Os primitivos nomes do rio obviamente só começam a surgir gravados nos antigos relatos e mapas da época da fundação da cidade. Muitas corruptelas e variações tais como Anhembi, Agembi, Aiembi, Anem by, Aniembi, Anhambi, Niembi e outras tantas designações são comuns nos antigos documentos.

A tradução desses vocábulos para a língua portuguesa é discutível e dependendo dos autores, ora quer referir-se as aves como o nhambu ou a perdiz européia, ora a uma erva rasteira de flores amarelas, “nhambi”, utilizada como condimento pelos nativos, ou mesmo na rudimentar odontologia de então, e ora como rio dos veados (anhangi).

Outras vertentes dizem que Anhembi é corruptela de i-em-bi, tendo o "i" o significado de não-liso, altos e baixos, obstáculos; o "e" representa a saída, a barra, a foz, e o “bi” refere-se a levantar, alçar, indicando um rio de leito acidentado; alguns entendem que Anhemby ou Añemby deva indicar a parte baixa do rio.

Quanto ao vocabulário Tietê, é tido pelo Padre Anchieta como referência à “madre ou mãe do rio”; muitos acham poderá ser uma palavra derivada de tié ou tei-tei, idioma tupi que designava uma ave tanagrídea ou fringilídia – canário de cor amarela. Tietê poderia também significar água volumosa e corrente ou água de mau gosto, ruim, de qualidade inferior.O certo é que ambos os nomes, Anhembi e Tietê, concomitantemente, persistiram por longo tempo.

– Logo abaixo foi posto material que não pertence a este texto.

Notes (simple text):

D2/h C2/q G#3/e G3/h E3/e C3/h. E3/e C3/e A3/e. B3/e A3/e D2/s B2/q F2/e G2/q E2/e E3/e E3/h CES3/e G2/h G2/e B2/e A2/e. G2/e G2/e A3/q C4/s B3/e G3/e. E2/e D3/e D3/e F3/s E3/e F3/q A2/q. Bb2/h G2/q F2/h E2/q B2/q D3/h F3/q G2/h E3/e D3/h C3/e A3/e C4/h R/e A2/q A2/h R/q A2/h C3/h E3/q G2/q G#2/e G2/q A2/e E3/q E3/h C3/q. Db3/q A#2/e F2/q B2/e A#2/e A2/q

Algumas crônicas de 1730, estudadas por Taunay, parecem dar conta de que o nome Tietê designava o rio desde a nascente até a cidade de Salto, e Anhembi dessa cidade à desembocadura no rio Paraná, após percorrer cerca de 1.100 quilômetros em território paulista. A dualidade de nomes persistiu até por volta de 1840.

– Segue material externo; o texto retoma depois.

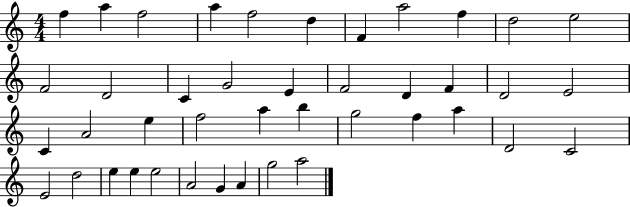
{
  \clef treble
  \numericTimeSignature
  \time 4/4
  \key c \major
  f''4 a''4 f''2 | a''4 f''2 d''4 | f'4 a''2 f''4 | d''2 e''2 | \break f'2 d'2 | c'4 g'2 e'4 | f'2 d'4 f'4 | d'2 e'2 | \break c'4 a'2 e''4 | f''2 a''4 b''4 | g''2 f''4 a''4 | d'2 c'2 | \break e'2 d''2 | e''4 e''4 e''2 | a'2 g'4 a'4 | g''2 a''2 | \break \bar "|."
}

O Rio Tietê venerado pelos indígenas que harmonicamente com ele conviveram, praticando seus rituais religiosos em uma intimidade que ia desde a recreação à higiene pessoal e à nutrição foi, a medida que predatoriamente o território ia sendo ocupado, levado a uma tal situação que já em 1820 era motivo de alerta de autoridades como os irmãos Andrada e Silva. Eles estavam preocupados com os Rios Tamanduateí e Tietê, “sem margens nem leitos fixos, sangrados em toda parte por sarjetas que formam lagos e pauis que inundam esta bela planície, e o que é mais para lastimar é que quase todos esses males não são obra da natureza, mas sim o resultado da ignorância dos que quiseram melhorar o curso desses rios”. 

Ocupação Territorial e Industrialização 

O território paulista teve primeiramente a região litorânea ocupada. Desde o descobrimento, e por cerca de cinqüenta anos, o povoamento foi se estendendo da Ilha de Santo Amaro para Cananéia. Nessa época Anchieta, preocupado com a destruição dos manguezais, alertava que seria excomungado aquele que fosse apanhado a “destruir plantas”.

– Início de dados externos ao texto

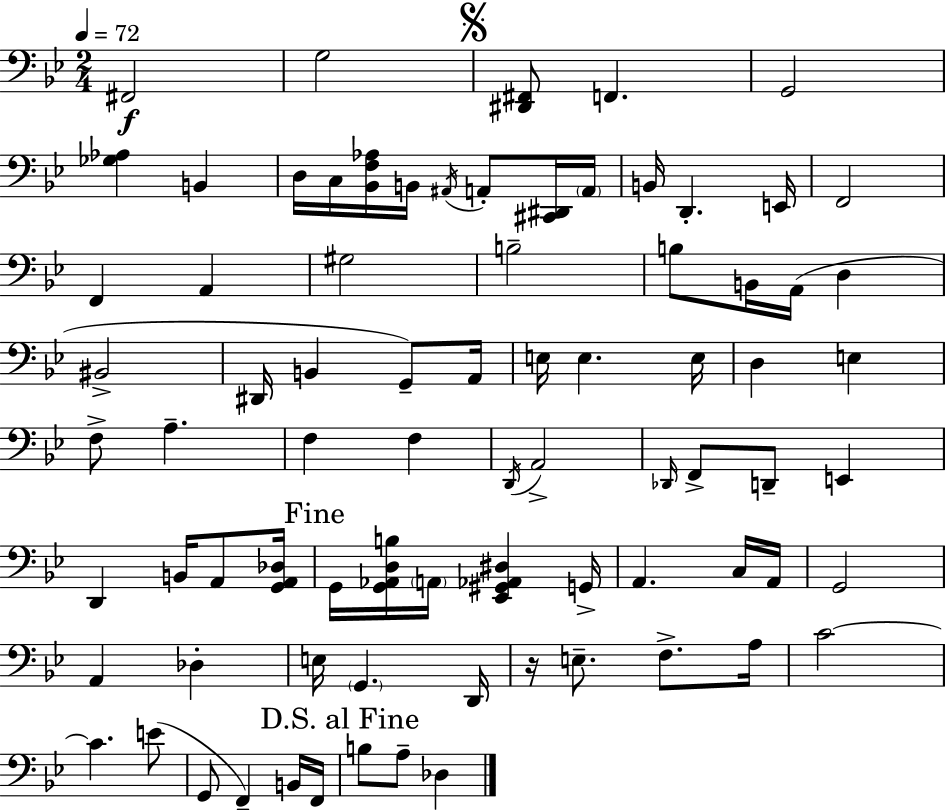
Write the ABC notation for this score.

O planalto, assinala o historiador Ernani da Silva Bruno, foi conquistado nos trinta anos seguintes quando então Santo André seria absorvido pela São Paulo de Piratininga. Desse povoado administrado pelos padres jesuítas partiriam, entre 1580 e 1640, as Bandeiras.

Nesse período, o recenseamento de 1593 registrava a presença na cidade de: 2 carpinteiros, 1 ferreiro, 2 alfaiates, 2 tecelões, 1 sapateiro e 1 oleiro.

Em 1640 iniciou-se a atividade de mineração que se estende ao ano de 1730. O ciclo de ouro acelera os Descimentos ou Monções pelo Rio Tietê até alcançar Cuiabá em viagens descritas como verdadeiras epopéias.

A partir de 1730 começou o comércio do gado que predominou até 1775.A essa altura a cidade de São Paulo, após quase duzentos anos daquele primeiro censo, contava com 10 carpinteiros, 21 alfaiates , 15 sapateiros, 4 ferreiros, 3 ourives, 4 seleiros e 4 pedreiros, todos devidamente licenciados com “carta ofício” e representados na Câmara.

Minas de ferro foram descobertas no Butantã e na região próxima a Sorocaba.Durante o ano de 1775 há a industrialização do açúcar e as grandes fazendas e engenhos persistem como atividade maior até 1822, sendo então substituídas pelo café, que exerceu seu domínio nas lavouras até 1888.

Ernani da Silva Bruno refere-se à época como da “fome de terras virgens”. Resultando não só o povoamento da área central do Estado no eixo que se estende às margens do rio Tietê, mas sobretudo ocasionalmente a destruição da maior parte da cobertura vegetal originalmente existente.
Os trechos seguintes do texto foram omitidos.